Published 10 January 2011

The Taiwanese government reports that experiments in potty-training pigs proved successful: a breeder of 10,000 pigs has established special pig “toilets” on the farm; the toilets were smeared with feces and urine to attract the pigs; within weeks, 95 percent of all pig waste was collected in the toilets, making the farm — as well as nearby rivers and fields — much cleaner; additional benefits: the cleaner farm helped reduce illness among the pigs and boosted their fertility by 20 percent

Taiwan’s environmental authorities said last week that they are planning to promote potty training for pigs to help curb water and waste pollution.

The Environmental Protection Administration made the pledge following the success of a pig farm in southern Taiwan, where the breeder started to potty-train his 10,000 pigs in late 2009, it said in a statement.

A 2009 news report has Chang Chung-tou, a pig farmer in Yunlin county, saying, “The pig toilets on my farm help me collect about 95% of all pig waste, making cleaning much, much easier.”

AFP reports that to keep his animals from defecating in nearby rivers, the breeder has established special “toilets” smeared with feces and urine to attract the pigs, it said.

This reduced the amount of waste water by up to 80 percent. As well as making the farm cleaner and less smelly, it also helped reduce illness among the pigs and boosted their fertility by 20 percent, it added.

Taiwan has about six million pigs, most of them raised on farms in the centre and the south of the island.

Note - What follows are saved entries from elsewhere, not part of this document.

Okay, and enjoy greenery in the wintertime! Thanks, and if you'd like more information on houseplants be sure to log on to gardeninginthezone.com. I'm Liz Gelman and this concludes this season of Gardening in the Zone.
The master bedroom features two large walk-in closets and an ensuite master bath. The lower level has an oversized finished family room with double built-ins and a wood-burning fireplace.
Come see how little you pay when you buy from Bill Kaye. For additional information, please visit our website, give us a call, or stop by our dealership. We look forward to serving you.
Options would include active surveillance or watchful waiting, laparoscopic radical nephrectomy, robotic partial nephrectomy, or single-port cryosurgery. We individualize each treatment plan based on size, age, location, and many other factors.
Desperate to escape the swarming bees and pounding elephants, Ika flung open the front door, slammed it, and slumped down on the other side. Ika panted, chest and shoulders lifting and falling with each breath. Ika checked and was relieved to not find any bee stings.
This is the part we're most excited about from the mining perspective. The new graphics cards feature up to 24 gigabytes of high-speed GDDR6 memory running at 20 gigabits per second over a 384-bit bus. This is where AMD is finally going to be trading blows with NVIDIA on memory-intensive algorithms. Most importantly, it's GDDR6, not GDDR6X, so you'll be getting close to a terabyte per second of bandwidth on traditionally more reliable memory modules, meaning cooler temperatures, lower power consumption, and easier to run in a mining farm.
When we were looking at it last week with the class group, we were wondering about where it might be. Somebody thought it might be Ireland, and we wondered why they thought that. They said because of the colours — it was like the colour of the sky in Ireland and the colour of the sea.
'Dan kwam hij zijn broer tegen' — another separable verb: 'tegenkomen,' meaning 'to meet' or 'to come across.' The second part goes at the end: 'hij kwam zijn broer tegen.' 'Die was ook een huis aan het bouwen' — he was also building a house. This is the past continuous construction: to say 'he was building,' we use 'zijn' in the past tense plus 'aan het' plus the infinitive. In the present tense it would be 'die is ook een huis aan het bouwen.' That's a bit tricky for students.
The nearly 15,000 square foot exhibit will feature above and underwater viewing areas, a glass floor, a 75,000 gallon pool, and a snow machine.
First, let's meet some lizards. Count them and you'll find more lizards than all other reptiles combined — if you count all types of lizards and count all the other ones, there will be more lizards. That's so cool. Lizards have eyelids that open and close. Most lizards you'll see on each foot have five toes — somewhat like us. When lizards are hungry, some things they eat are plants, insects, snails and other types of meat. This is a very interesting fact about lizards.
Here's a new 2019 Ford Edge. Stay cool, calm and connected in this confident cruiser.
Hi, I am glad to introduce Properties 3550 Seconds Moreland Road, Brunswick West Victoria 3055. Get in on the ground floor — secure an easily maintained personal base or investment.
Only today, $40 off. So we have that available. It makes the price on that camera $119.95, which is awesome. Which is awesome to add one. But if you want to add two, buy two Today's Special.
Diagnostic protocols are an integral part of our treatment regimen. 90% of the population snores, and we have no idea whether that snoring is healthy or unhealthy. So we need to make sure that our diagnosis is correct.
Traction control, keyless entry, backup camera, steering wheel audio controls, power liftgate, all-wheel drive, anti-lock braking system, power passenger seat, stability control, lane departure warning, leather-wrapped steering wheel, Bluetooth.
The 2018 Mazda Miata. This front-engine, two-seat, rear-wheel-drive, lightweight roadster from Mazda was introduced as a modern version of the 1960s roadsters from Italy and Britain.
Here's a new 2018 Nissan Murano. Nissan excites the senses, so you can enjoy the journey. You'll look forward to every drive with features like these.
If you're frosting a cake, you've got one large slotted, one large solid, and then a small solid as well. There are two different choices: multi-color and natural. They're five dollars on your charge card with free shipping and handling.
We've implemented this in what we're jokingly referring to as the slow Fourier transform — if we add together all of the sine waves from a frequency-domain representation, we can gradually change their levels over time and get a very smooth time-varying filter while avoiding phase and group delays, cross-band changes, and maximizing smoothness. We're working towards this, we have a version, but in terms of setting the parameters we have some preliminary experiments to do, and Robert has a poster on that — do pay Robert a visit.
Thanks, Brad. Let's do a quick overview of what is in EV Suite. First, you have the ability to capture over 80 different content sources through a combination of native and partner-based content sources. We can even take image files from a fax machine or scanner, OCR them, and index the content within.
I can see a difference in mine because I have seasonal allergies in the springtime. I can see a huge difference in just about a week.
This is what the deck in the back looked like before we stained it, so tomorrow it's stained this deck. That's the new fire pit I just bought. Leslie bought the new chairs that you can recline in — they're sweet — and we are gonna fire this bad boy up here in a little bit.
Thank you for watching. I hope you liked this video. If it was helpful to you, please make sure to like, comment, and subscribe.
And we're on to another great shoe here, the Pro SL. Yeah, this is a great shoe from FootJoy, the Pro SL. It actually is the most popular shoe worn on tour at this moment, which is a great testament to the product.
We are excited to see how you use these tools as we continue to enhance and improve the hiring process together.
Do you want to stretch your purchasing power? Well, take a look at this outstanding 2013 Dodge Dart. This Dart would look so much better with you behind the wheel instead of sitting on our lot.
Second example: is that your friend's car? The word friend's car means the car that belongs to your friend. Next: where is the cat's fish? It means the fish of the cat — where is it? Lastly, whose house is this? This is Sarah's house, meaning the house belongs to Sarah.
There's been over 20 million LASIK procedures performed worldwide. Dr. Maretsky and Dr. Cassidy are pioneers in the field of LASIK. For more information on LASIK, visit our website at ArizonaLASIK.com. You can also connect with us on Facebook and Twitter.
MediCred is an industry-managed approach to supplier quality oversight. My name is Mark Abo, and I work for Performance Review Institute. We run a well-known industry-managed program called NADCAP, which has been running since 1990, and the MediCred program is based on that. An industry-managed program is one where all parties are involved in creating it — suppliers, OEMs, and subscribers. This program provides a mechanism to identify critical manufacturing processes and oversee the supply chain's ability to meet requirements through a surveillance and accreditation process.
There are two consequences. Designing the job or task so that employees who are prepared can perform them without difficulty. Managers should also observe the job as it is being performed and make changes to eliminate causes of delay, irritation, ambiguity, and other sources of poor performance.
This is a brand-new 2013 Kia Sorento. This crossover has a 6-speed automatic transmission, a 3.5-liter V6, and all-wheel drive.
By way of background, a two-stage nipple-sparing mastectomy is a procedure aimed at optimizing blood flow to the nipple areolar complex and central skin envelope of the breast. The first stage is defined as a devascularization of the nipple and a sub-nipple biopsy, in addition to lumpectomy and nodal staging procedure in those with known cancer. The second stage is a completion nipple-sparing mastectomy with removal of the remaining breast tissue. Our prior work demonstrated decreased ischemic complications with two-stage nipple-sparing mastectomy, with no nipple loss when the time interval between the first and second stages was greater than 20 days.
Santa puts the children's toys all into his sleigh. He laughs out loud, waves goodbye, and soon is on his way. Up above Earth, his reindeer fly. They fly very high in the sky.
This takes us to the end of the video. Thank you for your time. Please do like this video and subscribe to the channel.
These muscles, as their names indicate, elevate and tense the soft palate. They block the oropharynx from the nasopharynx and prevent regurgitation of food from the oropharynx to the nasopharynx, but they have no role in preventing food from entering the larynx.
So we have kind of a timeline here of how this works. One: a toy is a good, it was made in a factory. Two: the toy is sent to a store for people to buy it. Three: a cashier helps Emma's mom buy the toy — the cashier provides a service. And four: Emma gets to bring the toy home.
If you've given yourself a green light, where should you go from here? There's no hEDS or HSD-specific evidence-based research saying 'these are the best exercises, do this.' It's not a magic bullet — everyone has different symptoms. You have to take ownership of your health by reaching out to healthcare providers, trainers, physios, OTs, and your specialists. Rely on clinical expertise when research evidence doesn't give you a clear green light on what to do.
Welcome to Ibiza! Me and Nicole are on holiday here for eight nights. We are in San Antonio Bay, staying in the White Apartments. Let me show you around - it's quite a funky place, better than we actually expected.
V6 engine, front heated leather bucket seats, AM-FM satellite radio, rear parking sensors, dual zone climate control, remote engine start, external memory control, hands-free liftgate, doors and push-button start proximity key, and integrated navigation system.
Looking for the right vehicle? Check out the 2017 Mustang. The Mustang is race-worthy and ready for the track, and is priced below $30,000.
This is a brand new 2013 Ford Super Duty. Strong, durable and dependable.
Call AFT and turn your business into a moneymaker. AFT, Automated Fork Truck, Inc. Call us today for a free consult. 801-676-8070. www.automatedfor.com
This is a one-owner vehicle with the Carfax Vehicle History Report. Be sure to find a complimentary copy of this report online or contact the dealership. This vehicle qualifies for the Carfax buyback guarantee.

Waste from livestock farms is among the main complaints about water pollution received by the administration. In his book, Beyond Beef, Jeremy Rivkin quotes food geographers’ estimates that cattle and livestock account for twice the amount of pollutants as comes from all U.S. industrial sources. Harvey Diamond’s book Your Heart, Your Planet, says that “every second 250,00 pounds (113 tons) of excrement are produce from livestock in the USA.”